Assigned task:
Using the data below, restate exactly every line from the one with "Bartagame mit Terrarium - Flörsheim (Main)" up to and including the one with "le vene colpite". No picture belongs in it.

Records for this exercise:
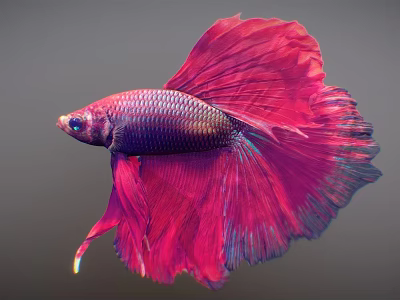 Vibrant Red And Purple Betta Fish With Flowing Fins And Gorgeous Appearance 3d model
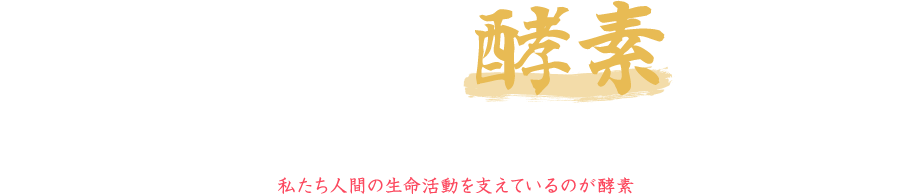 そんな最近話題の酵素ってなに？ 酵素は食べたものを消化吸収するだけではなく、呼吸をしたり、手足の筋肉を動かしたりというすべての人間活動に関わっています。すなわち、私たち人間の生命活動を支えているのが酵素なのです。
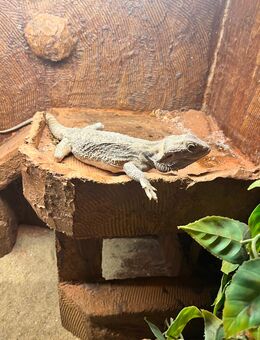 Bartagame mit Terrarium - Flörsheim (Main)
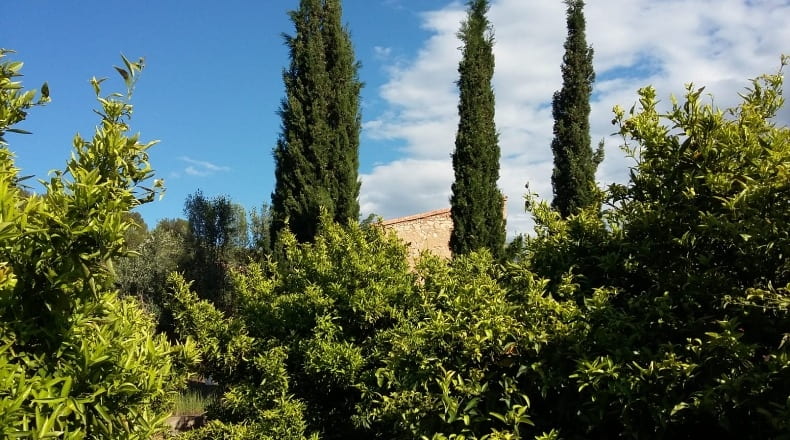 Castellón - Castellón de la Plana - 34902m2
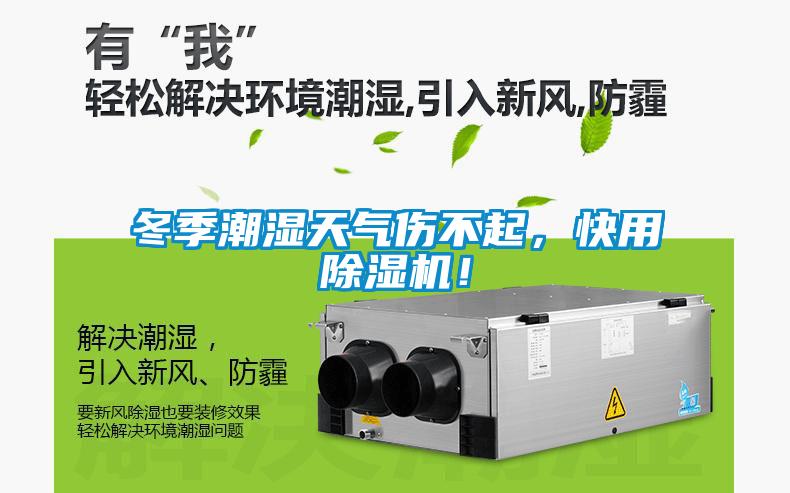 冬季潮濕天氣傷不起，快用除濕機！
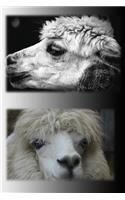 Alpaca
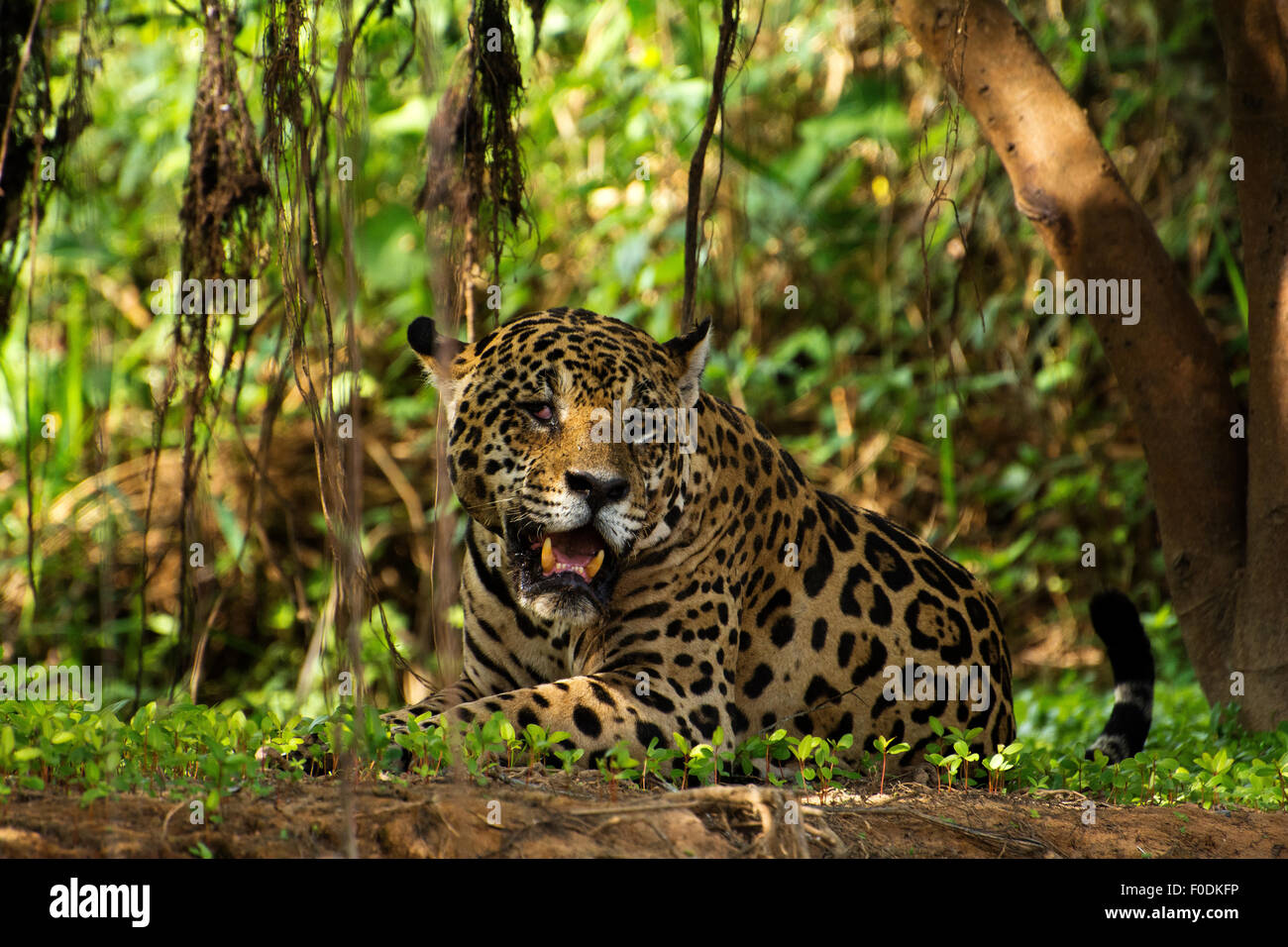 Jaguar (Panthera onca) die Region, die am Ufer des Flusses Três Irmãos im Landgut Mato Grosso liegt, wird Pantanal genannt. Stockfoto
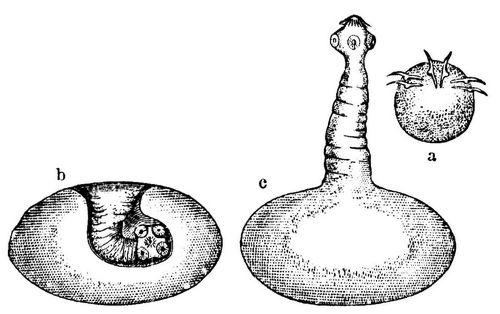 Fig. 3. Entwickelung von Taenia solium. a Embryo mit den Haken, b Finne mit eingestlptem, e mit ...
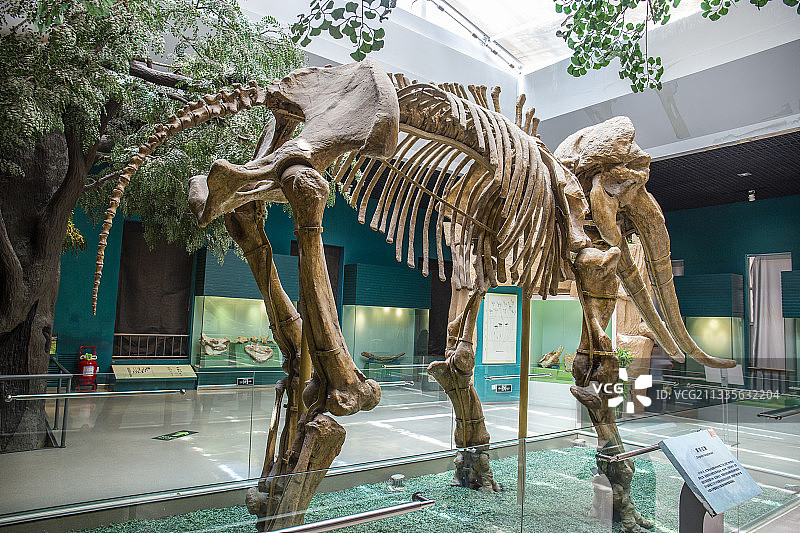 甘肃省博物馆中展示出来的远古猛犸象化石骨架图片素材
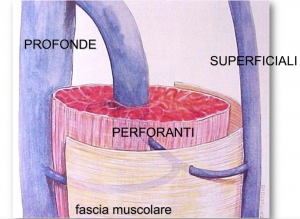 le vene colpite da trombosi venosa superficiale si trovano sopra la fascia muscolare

==

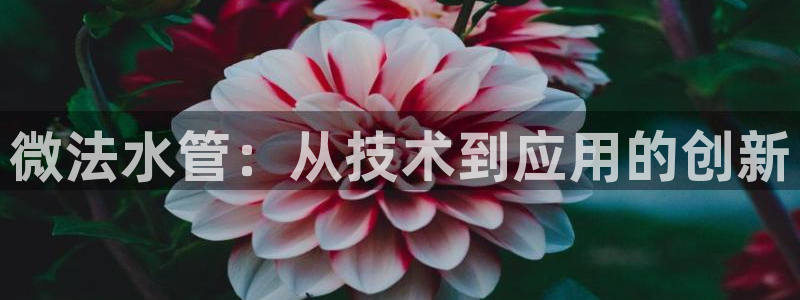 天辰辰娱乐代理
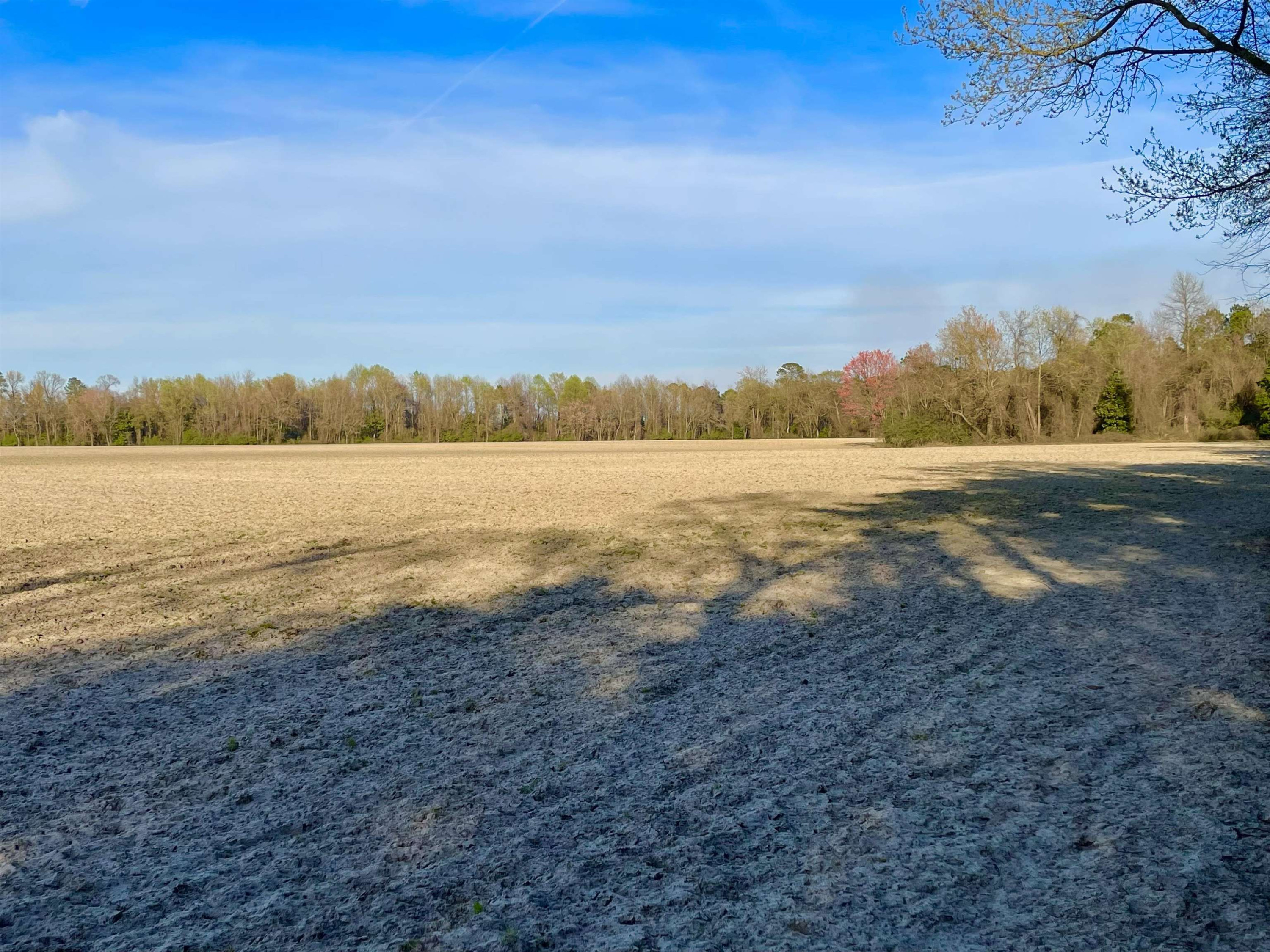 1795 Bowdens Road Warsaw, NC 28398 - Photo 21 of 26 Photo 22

Response below:
 Bartagame mit Terrarium - Flörsheim (Main)
 Castellón - Castellón de la Plana - 34902m2
 冬季潮濕天氣傷不起，快用除濕機！
 Alpaca
 Jaguar (Panthera onca) die Region, die am Ufer des Flusses Três Irmãos im Landgut Mato Grosso liegt, wird Pantanal genannt. Stockfoto
 Fig. 3. Entwickelung von Taenia solium. a Embryo mit den Haken, b Finne mit eingestlptem, e mit ...
 甘肃省博物馆中展示出来的远古猛犸象化石骨架图片素材
 le vene colpite da trombosi venosa superficiale si trovano sopra la fascia muscolare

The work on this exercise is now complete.